Task details – Omit all pictures and transcribe only the lines in the entries below that run from the line with "Летние этюды 64 :: Алексей Кузнецов" through the line with "Cinnamomum insularimontanum".

Supplied data –
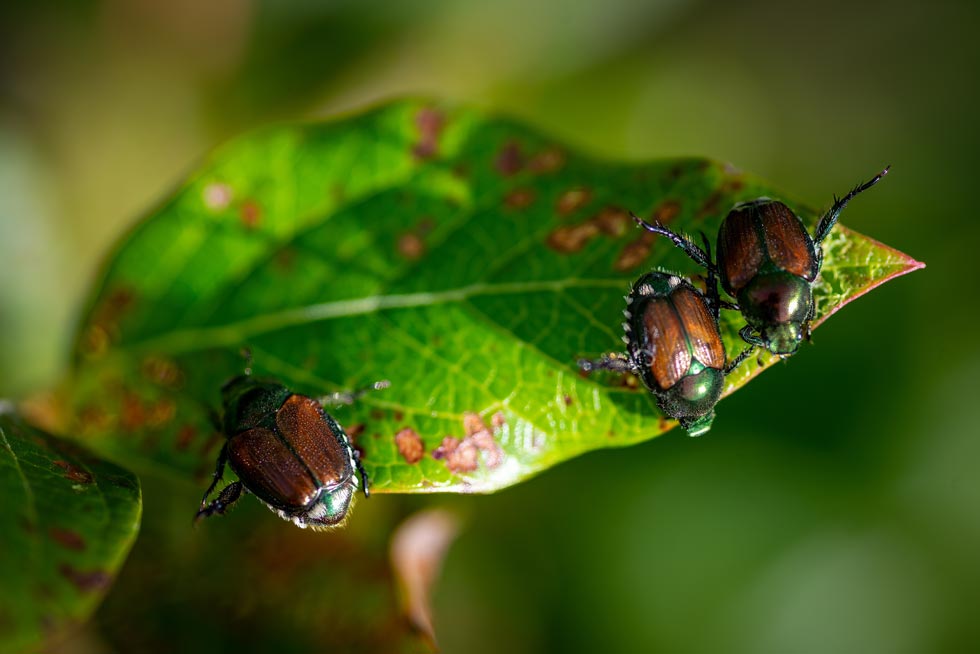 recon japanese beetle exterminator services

...

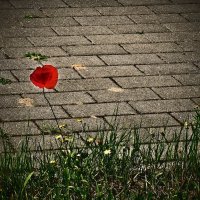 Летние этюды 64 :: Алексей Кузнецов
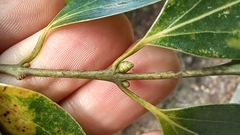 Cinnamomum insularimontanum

Response below –
 Летние этюды 64 :: Алексей Кузнецов
 Cinnamomum insularimontanum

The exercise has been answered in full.